• **To do**
Retype all data exactly as given. Pictures should not be retyped.

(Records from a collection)
"""
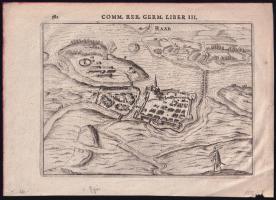 1626 Petrus Bertius (1565-1629): Győr/Raab látképe, In: Petrus Bertius: Commertariorum Rerum Germanicrum libri tres 1626, rézmetszet, papír, egészen kis szakadással és egészen kis foltokkal, 14x19 cm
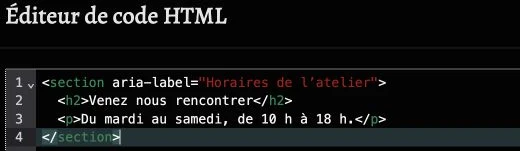 Un court extrait HTML pour présenter les horaires de l’atelier.
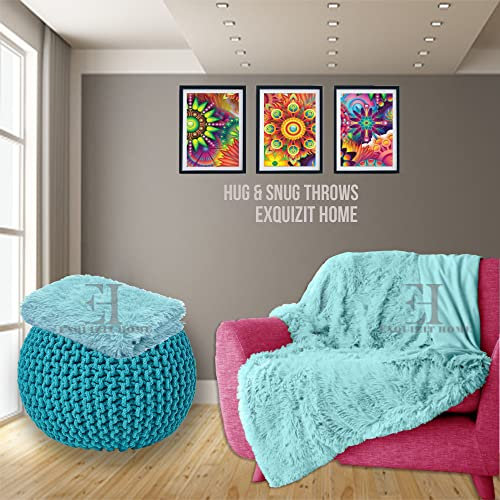 EXQUIZIT HOME Luxuriöse Kuscheldecke, flauschiges Kunstfell, Sherpa-Teddy-Fleece, wendbar, für Sofa, Bett, superweich, warm und gemütlich, Überwurf, zartes Ei, ca. 150 x 200 cm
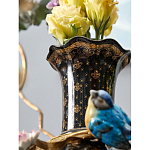 Ваза черная фарфоровая с  узором и бронзовым декором в виде веток с фарфоровой птичкой и цветами Eden Garden варинант исполнения - 4 | Loft Concept в Рязани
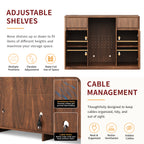 Fluted Buffet Wine Cabinet With Mini Fridge Nook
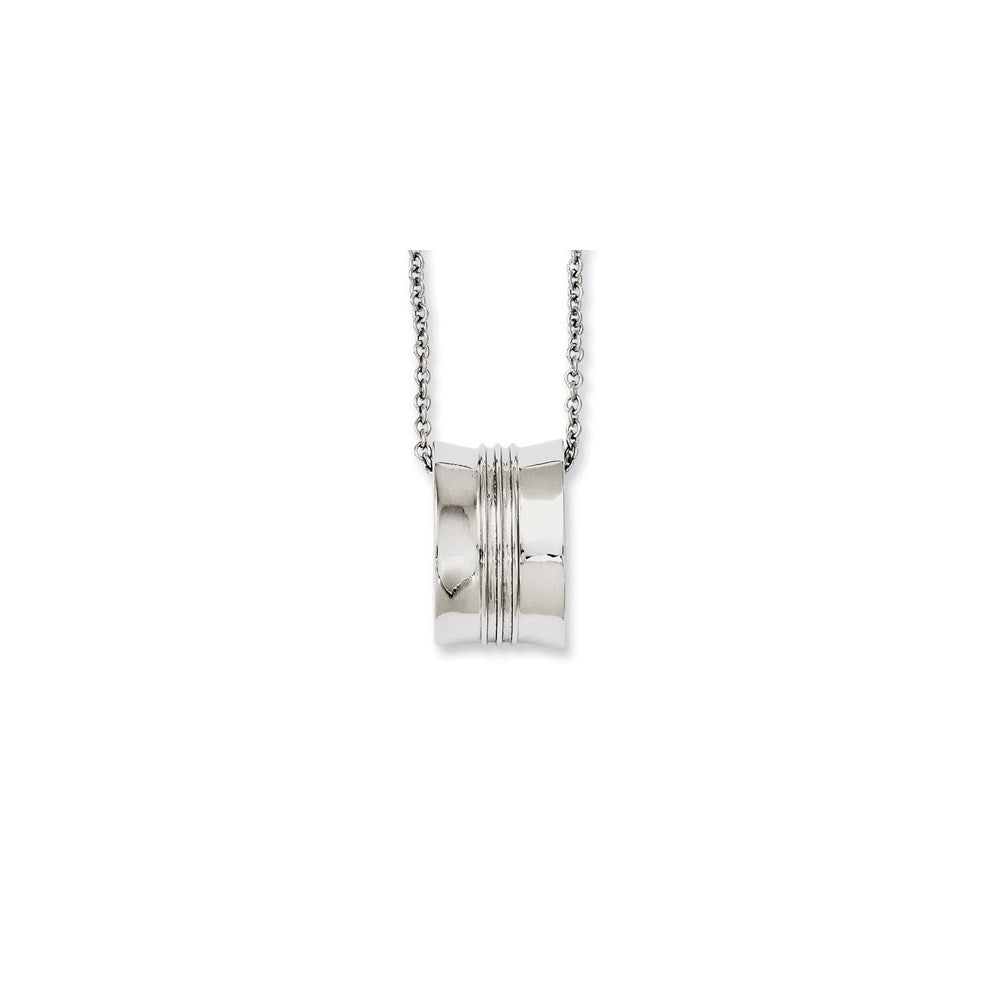 Stainless Steel Polished Geometrical Pendant 18in Necklace, 18 mm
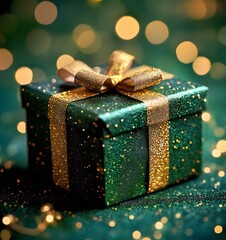 Wall Mural - Emerald gift box, gold ribbon, bokeh lights, holiday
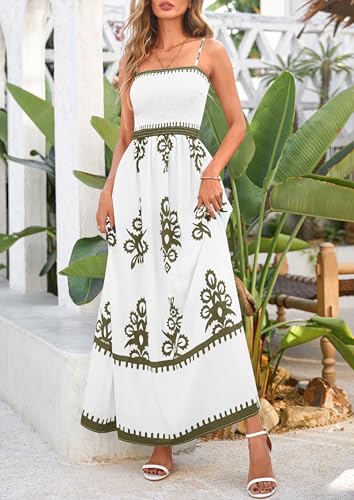 Image of PRETTYGARDEN Women's Summer Boho Maxi Dress Floral Sundresses | Spaghetti Strap, Sleeveless, Smocked Bodice, A-Line Long Flowy, Lightweight Soft, Wedding Guest Party, Beach Vacation Outfits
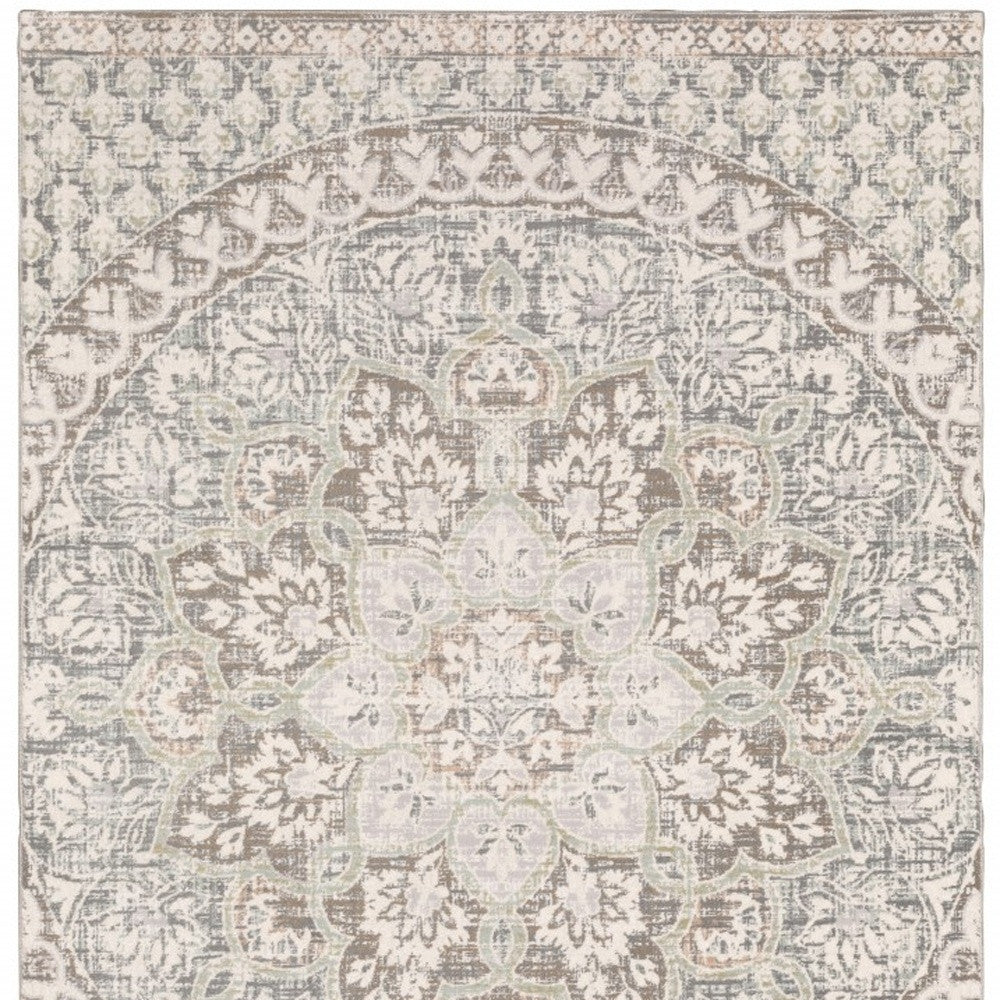 7' X 10' Ivory Grey Distresed Oversize Medallion Indoor Area Rug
"""
• **Expected answer**
 1626 Petrus Bertius (1565-1629): Győr/Raab látképe, In: Petrus Bertius: Commertariorum Rerum Germanicrum libri tres 1626, rézmetszet, papír, egészen kis szakadással és egészen kis foltokkal, 14x19 cm
 Un court extrait HTML pour présenter les horaires de l’atelier.
 EXQUIZIT HOME Luxuriöse Kuscheldecke, flauschiges Kunstfell, Sherpa-Teddy-Fleece, wendbar, für Sofa, Bett, superweich, warm und gemütlich, Überwurf, zartes Ei, ca. 150 x 200 cm
 Ваза черная фарфоровая с  узором и бронзовым декором в виде веток с фарфоровой птичкой и цветами Eden Garden варинант исполнения - 4 | Loft Concept в Рязани
 Fluted Buffet Wine Cabinet With Mini Fridge Nook
 Stainless Steel Polished Geometrical Pendant 18in Necklace, 18 mm
 Wall Mural - Emerald gift box, gold ribbon, bokeh lights, holiday
 Image of PRETTYGARDEN Women's Summer Boho Maxi Dress Floral Sundresses | Spaghetti Strap, Sleeveless, Smocked Bodice, A-Line Long Flowy, Lightweight Soft, Wedding Guest Party, Beach Vacation Outfits
 7' X 10' Ivory Grey Distresed Oversize Medallion Indoor Area Rug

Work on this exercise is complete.